So. I didn't quit smoking. After talking with my Husband, as well as my mother (at different times) they both agree that going cold turkey is going to be a very bad idea for me.
And since I'm married to one, and the other raised me I decided to not let my pride get in the way and listened to them.
I suffer from depression, and a lovely little thing called panic attacks. Those are fun.
Right now my depression is doing okay. But after a good five or so hours without a cigarette I could feel a panic attack coming on. Not so much knowing that I would have to wait a while for a cig. That I can deal with. But the fact of knowing that I could not have one. My chest was tight, I had to control my breathing so I didn't start freaking out. Panic attacks suck. Panic attacks that happen at work where you don't want to embarrass the hell out of yourself or explain what the fuck is going on... suck even more.
Master picked me up from work and we talked more about it, and He agreed that I should just try to moderate my cigarettes for now, and then eventually wean myself off of it completely.
People can think what they want. I said I would quit, yes. But when it comes down to it, nothing in this blog is scripture. (Thankfully.) And my mood shifts rather rapidly lately. So one minute I can be all gung-ho about something, and the next I start to realize that yeah.. that's not such a hot idea.

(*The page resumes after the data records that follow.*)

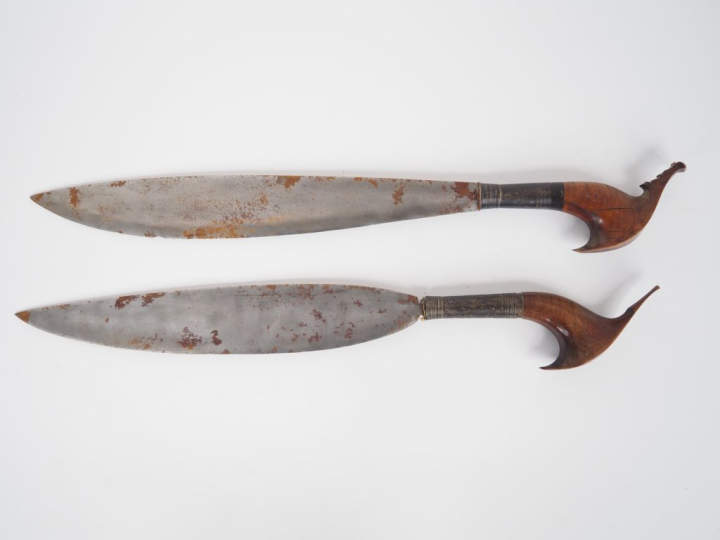 Deux couteaux « Moro Barung »  Poignées en bois (fèles et petits éclat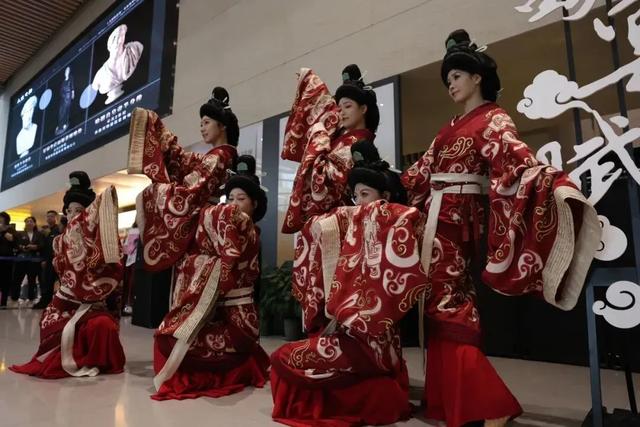 太夸张！在成都过中秋，场面这么震撼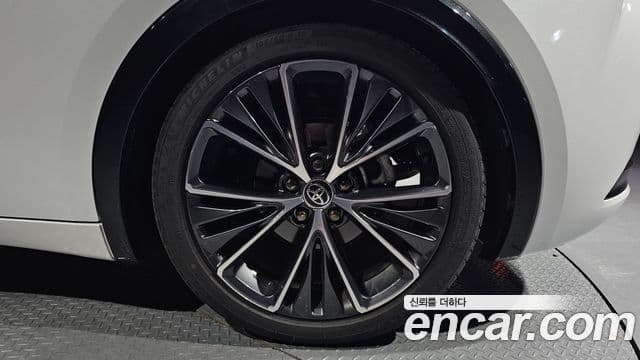 Toyota Prius 2025 — Photo 13/35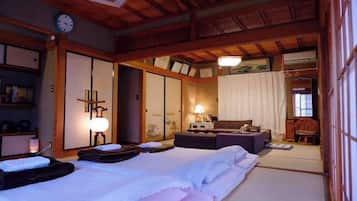 1 bedroom, desk, free WiFi, bed sheets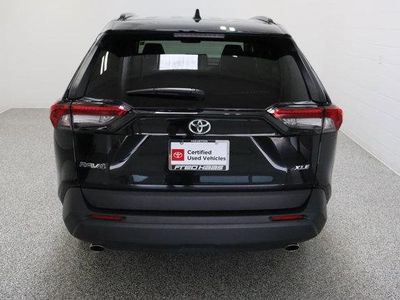 2025 Toyota RAV4 FWD - Photo 8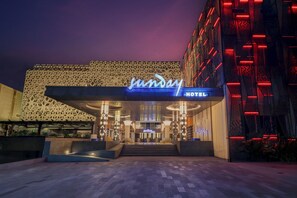 Exterior - Sunday Hotel Sunset Road Near Trans Studio Mall (Kuta)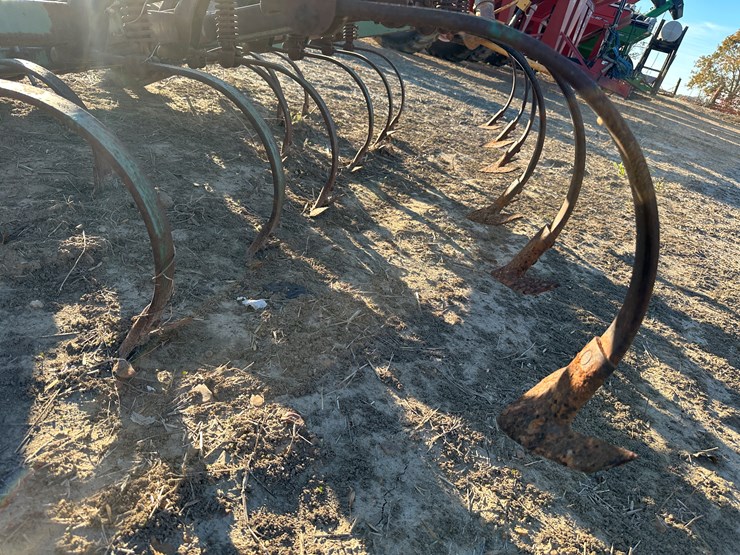 #33752-•-4.5'-chisel-plow-image-6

Since I already have to ask if I may have a cigarette when I'm at home, Master is being more mindful of telling me whether or not I can have one.

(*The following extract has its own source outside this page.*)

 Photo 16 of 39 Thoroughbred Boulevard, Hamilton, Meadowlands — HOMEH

For instance, I just asked Him if I could have one right now. He said I had to wait until after my bath was done. So I have to wait a while, and I know that if I were to rush through my bath just to have that cigarette that much quicker, He'd tell me no.
So that's a good thing.
I don't have much else on my mind right now. My right shoulder is giving me problems today, and it's starting to go up my neck a bit. So I think I'm going to go soak in the tub, and maybe I'll hop back online later for another post. I'm not sure yet.